(Pictures with short captions)
- Opening Delimiter -

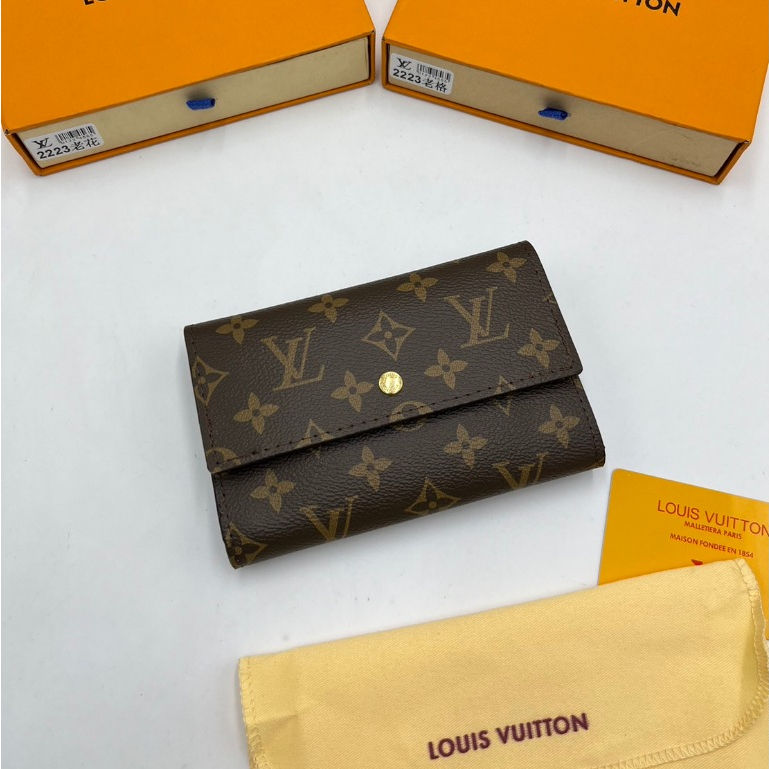 กระเป๋าสตางค์ ผู้หญิง ใบกลาง 6 นิ้ว แบบพับ พร้อมส่ง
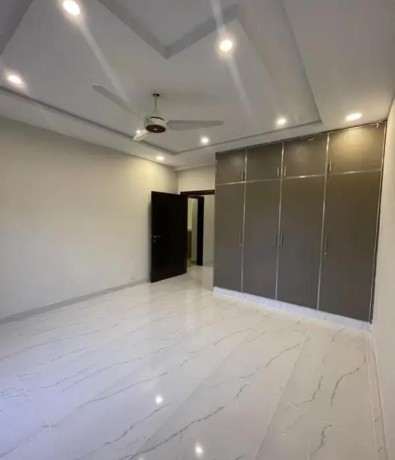 flat-for-rent-in-askari-5-karachi-big-3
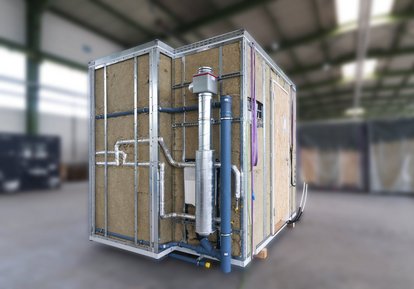 Nasszelle mit vertikalen Anschlusselementen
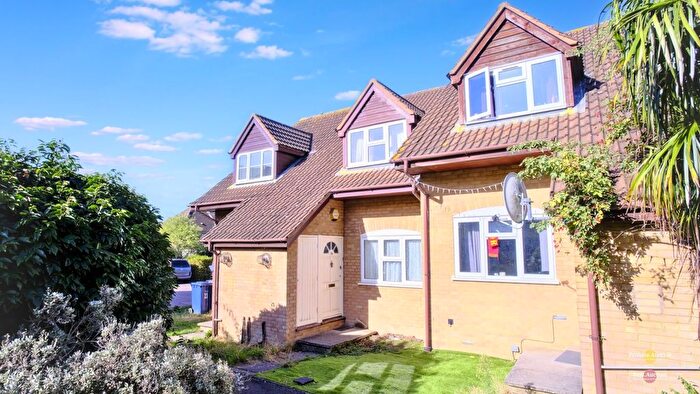 2 Bedroom End Of Terrace House For Sale In Ammanford Green, Ruthin Close, West Hendon, London, NW9
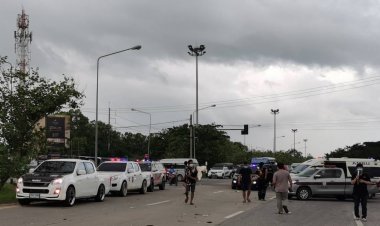 ไฟจราจรเสีย-กล้องวงจรปิดเจ๊ง!หนุ่มซิ่งเก๋งป้ายแดงพุ่งชนดะดับ 3 ศพกลางสี่แยก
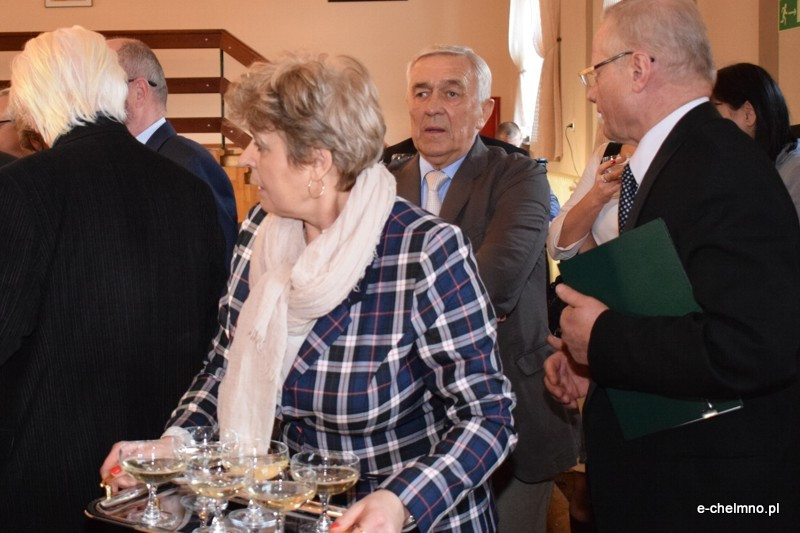 Honorowe wręczenie tytułów 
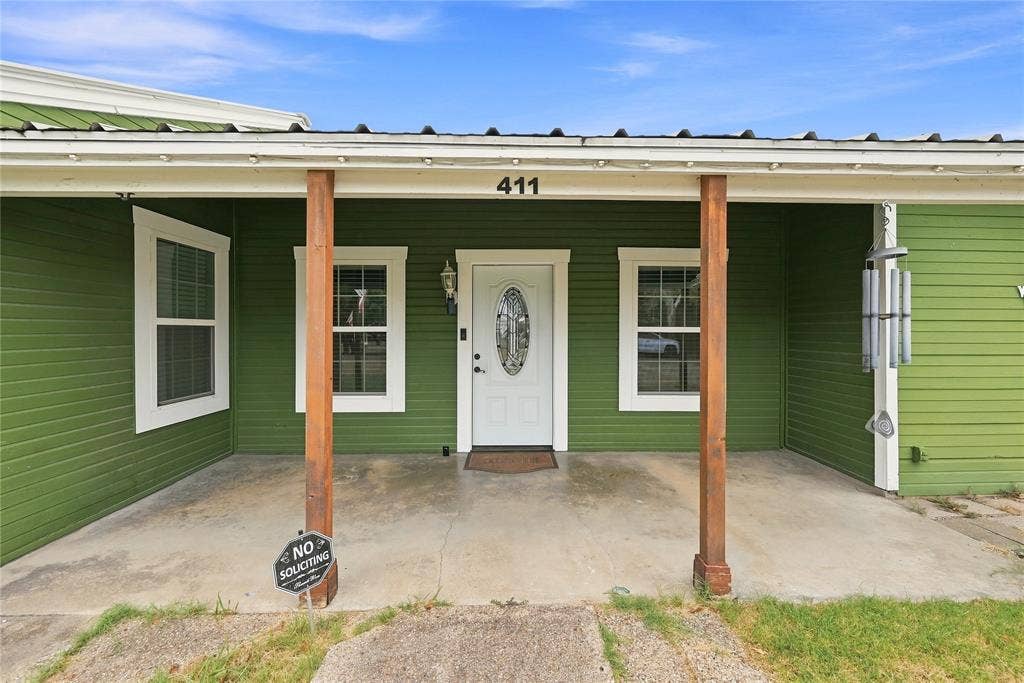 411 W 3rd Street, Maypearl, TX 76064 411 W 3rd Street, Maypearl, TX 76064
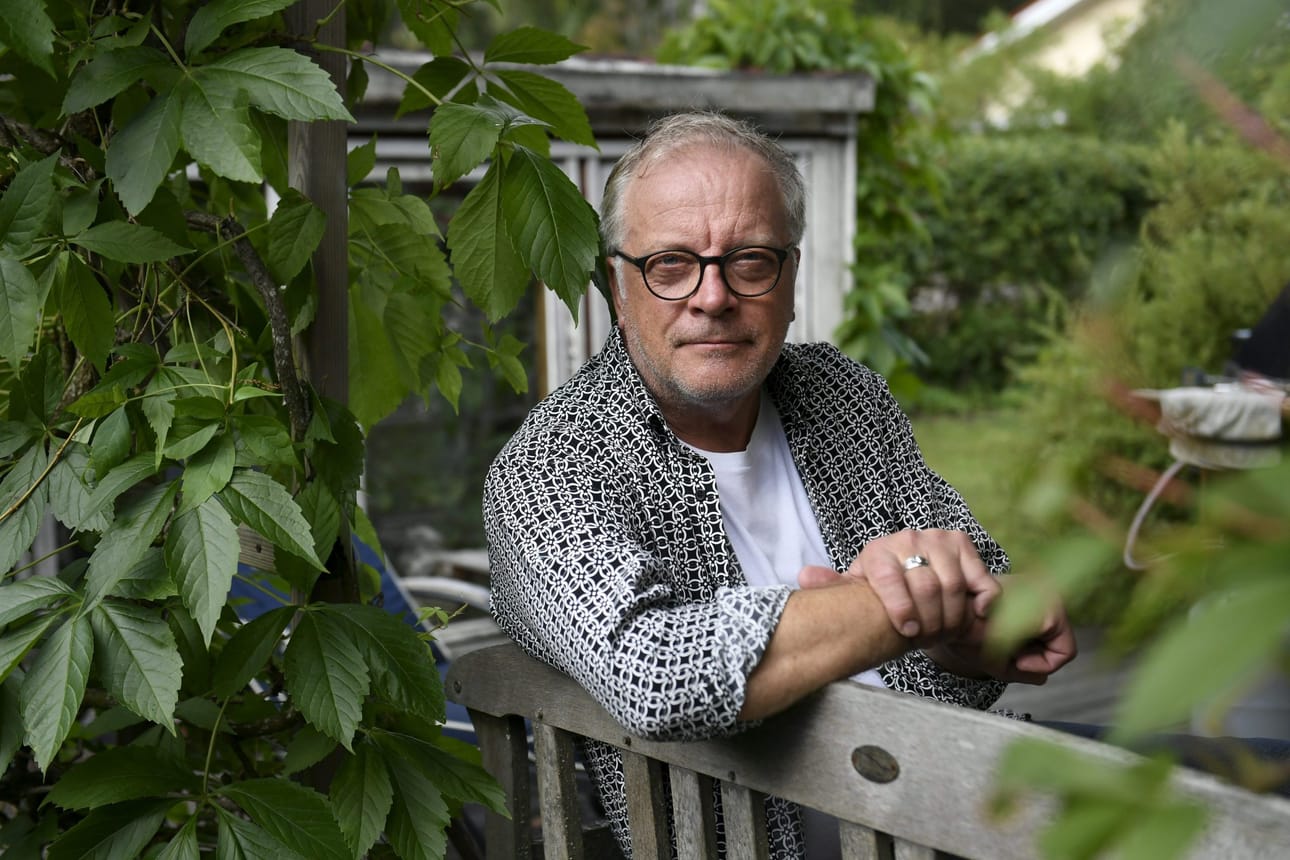 Äidinkieli on ihmisen koti, Matti Rönkä ajattelee. Ihmisen pitää saada ilmaista ja kuulla asioita sekä lukea tunteita ja tietoa omalla äidinkielellään.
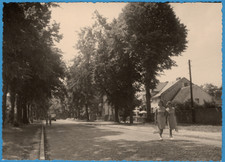 18/1062 FOTO STRAßE DAMEN HÄUSER LKW RADFAHRER - FOTO BEYERLEIN KARL-MARX-STADT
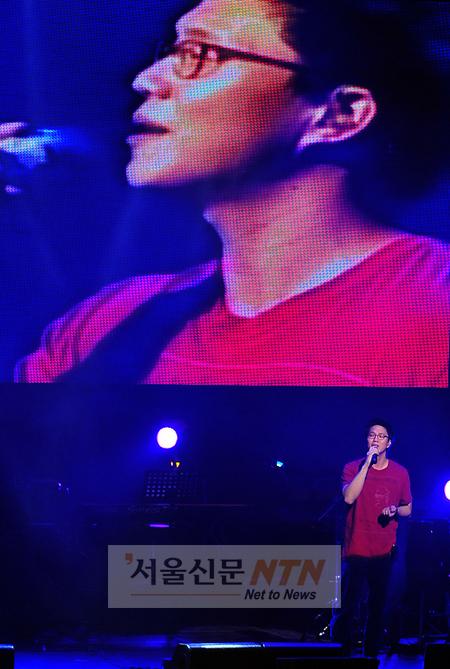 [NTN포토] ‘故 김광석 추모 콘서트’ 첫 무대 성시경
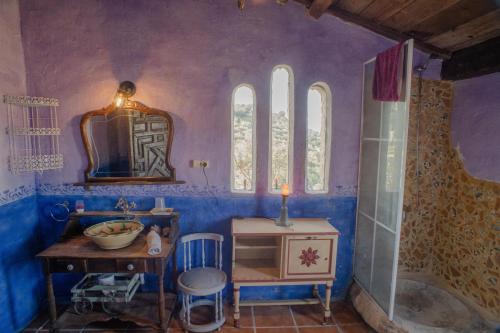 Baño azul con lavabo y espejo en 4 bedrooms villa with private pool furnished garden and wifi at Algarinejo, en Algarinejo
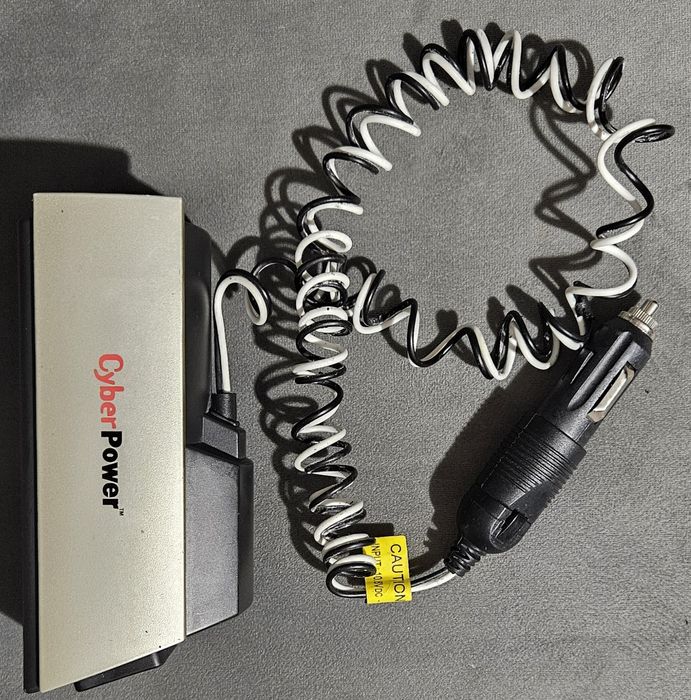 Автомобилен инвертор CyberPower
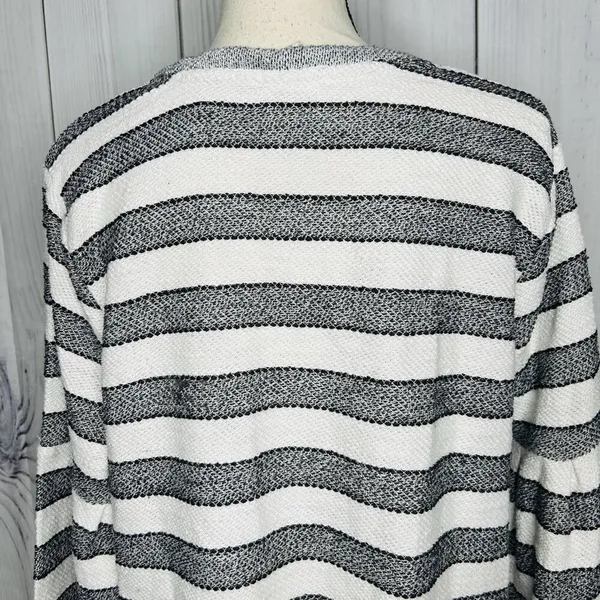 Style & Co Sweater Size L Black White Striped Long Sleeve Woven Knit - Image 8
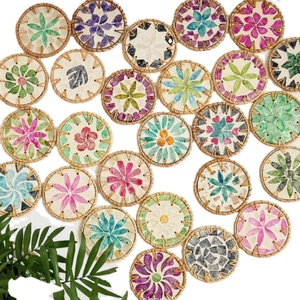 Ensemble d'assiettes en porcelaine avec incrustations en rotin naturel tissé, TUYET DUNG, design floral classique, pour la décoration de fêtes et les cadeaux, fabriqué au Vietnam - Product Image 1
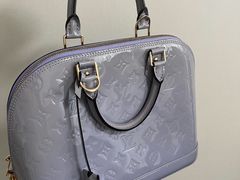 -小飞侠奢侈品回收 寄卖 养护(宝山宝龙广场店)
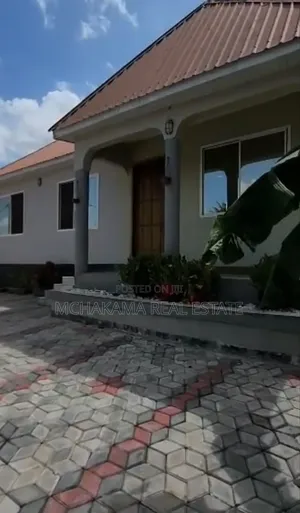 3bdrm House in Mchakama Real Estate, Kinyerezi for sale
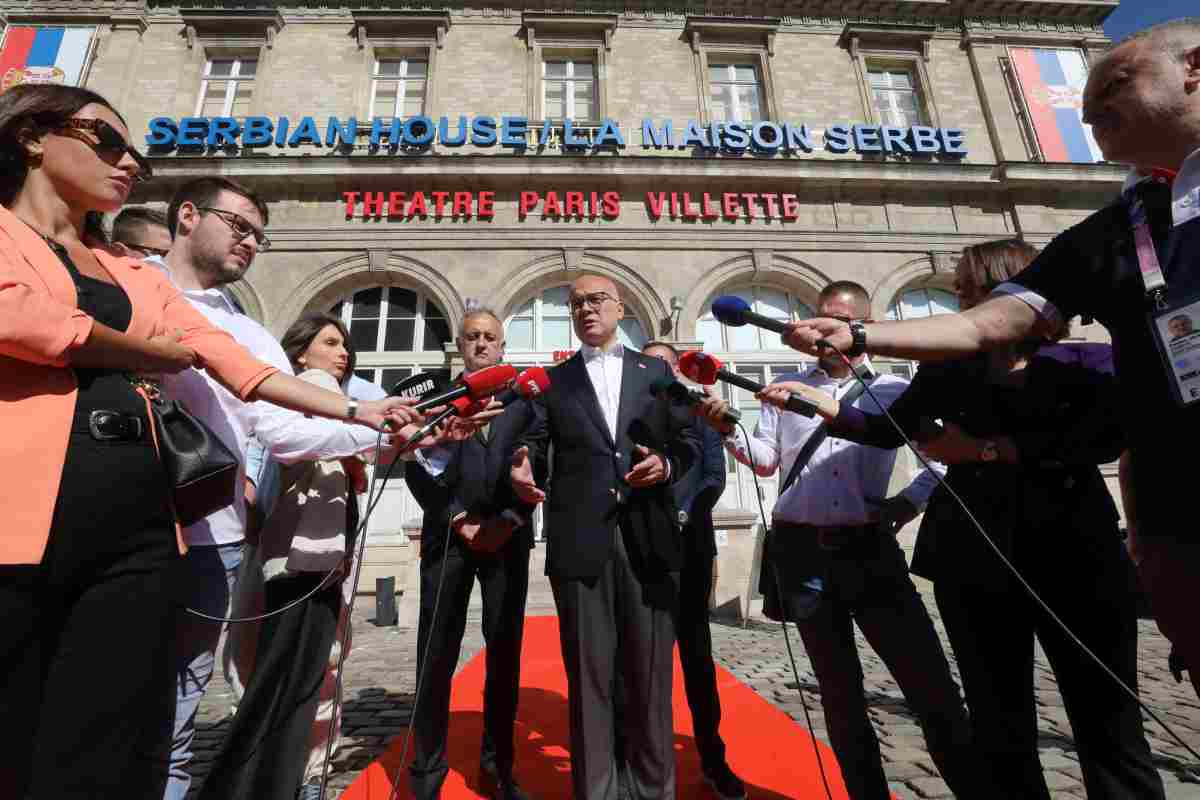 Vučević attends ceremonial closing of Serbian House in Paris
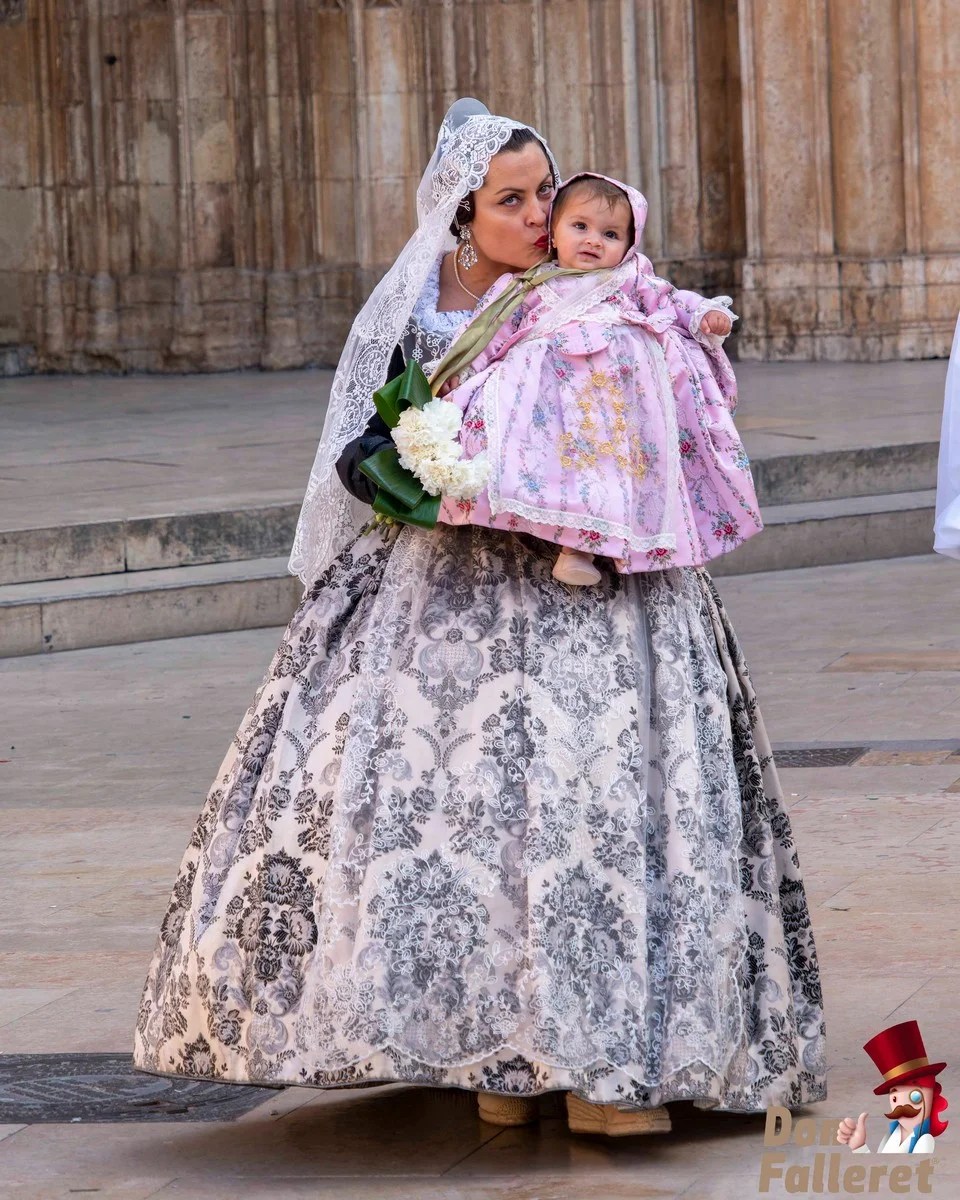 Ofrenda de Flores a la Virgen de los Desamparados - 17 de marzo - Comisiones Falleras 189 Ofrenda 17 182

- Closing Delimiter -

Beginning with the line that contains "Vučević attends ceremonial" and ending with the last line of the entries above, repeat each line exactly, but not the pictures.

 Vučević attends ceremonial closing of Serbian House in Paris
 Ofrenda de Flores a la Virgen de los Desamparados - 17 de marzo - Comisiones Falleras 189 Ofrenda 17 182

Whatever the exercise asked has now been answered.